Van der Wees says that although Massachusetts began its experiment with a higher level of insurance than others, the state more or less provides a good model. “We found that people have gained in general, mental, and physical health, and that some preventive measures improved,” he said. “We would hope that this would be a blueprint for the rest of the U.S., though Massachusetts is not the average state, because it began from a higher level of insurance.”

Co-investigator John Z. Ayanian, now director of the University of Michigan Institute for Healthcare Policy and Innovation, likewise backed the possibility of government-supervised, market-based health care reform. "Our results demonstrate the potential benefits of health care reform in Massachusetts that may also be achieved through the implementation of the federal [ACA]," he said. "And, just as with the ACA, the impact of broader health insurance coverage in Massachusetts is intertwined with the effects of numerous efforts in the public and private sector to improve health care quality and contain costs.”

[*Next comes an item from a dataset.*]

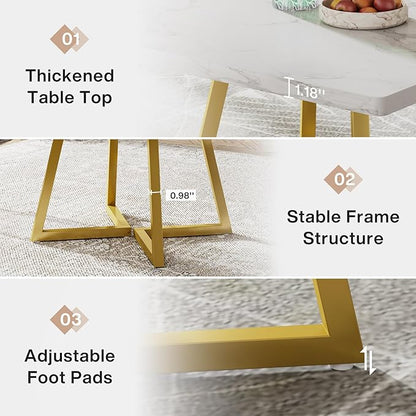 Tribesigns Square Dining Table for 8, 31.5" Modern Dinner Table with Metal Base, Kitchen Table for Dining Room, Small Space, Apartment, White & Gold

Although conservatives continue to predict the failure of affordable health care insurance reform, Obama looks to Massachusetts. “The worst predictions about health care reform in Massachusetts never came true,” Obama said in late October. “They’re the same arguments that you’re hearing now… and it’s because you guys had a proven model that we built the Affordable Care Act on this template of proven, bipartisan success. Your law was the model for the nation’s law.”